I suspect the answer is no. Scott grew up around motorsport, his family were heavily involved in the sport and he started competing young. His love of racing was fuelled by racing and he got better and better until he became a world beater. Would driving around the suburbs obeying the road rules have fueled the passion for racing, would it have developed the skills needed to be the best? Or would he have become what the rest of us are, merely people driving cars to and from locations.

How does this relate to Judo?
In Judo are we providing environments where the passion to and for competiting is being fueled? Are our new members being taught to be Scott or to be a Bus driver or everyday commuter?

I personally feel that outside of a few small locations, we are producing bus drivers not racing drivers. And if we want success at the performance level (especially elite level), we need to address this issue and not always be about participation.

The top Judo nations and centres, do not provide recreational Judo. Japanese Judo (and I generalise) is about throwing and being a champion. The performance centres producing medals here in the UK (Scotland, Camberley, Bath, etc) are not recreational, participation clubs. Some provide recreational Judo as well, but they provide real competitive environments and a focus on the sport of Judo, not on participating in Judo as a hobby.

For me, I do not see a link between Participation and Performance. I see people stepping between the two different activities.
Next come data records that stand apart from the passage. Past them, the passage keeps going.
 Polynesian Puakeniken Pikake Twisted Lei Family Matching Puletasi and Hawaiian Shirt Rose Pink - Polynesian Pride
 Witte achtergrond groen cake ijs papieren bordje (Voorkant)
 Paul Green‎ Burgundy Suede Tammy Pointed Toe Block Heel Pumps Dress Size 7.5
Driving to the shops will NOT lead you to a career as a racing driver. Equally, Scott does not leap in his single seater race car and drive to the shops at top speed.

In Judo, attending a Judo club and doing Ukemi and a technique and some randori is not going to make you a champion. It is unlikely to develop the passion and the skills needed to make you a performer. At some point you will have to leave participation Judo and start performance Judo; if you want to become a performance Judoka.

We also need to consider the aptitude of the people coming to participation Judo and performance Judo. If someone enjoys participation Judo, it means they like doing Judo like that. If they enter into performance Judo and stay and like it they like competing.
It is very likely that the person who enters recreational Judo will not like performance Judo and vice versa. There will be those who enjoy both (me for example) and many enjoy both today, because that is simply what Judo is like. But, there are those who do Judo for winning competitions, so building performance programmes based on building participation is not a guaranteed winner. And is pretty much guaranteed to be a inefficient method of finding more performers.

As a sport, we need to acknowledge this and create ways that a young person can become a performer from day one. Then we may find the next Scott Dixon and from a early age they will develop the passion and skills to be a world beating Judo player.

National Governing Bodies and all the way down to clubs need to consider how we might break from the traditional club structures and build opportunities to build programmes that are purely about competition and not participation.

These programmes could develop young athletes faster and retain them better. Of course we do care about participation Judo, so we need to provide both. But currently, I would argue we provide solely participation Judo (especially for younger people) and don’t have any performance Judo programmes that start with absolute beginners.

My homework, and yours if you choose to try, is to think about how you might change the way you coach Judo to create a performance only programme in your environment.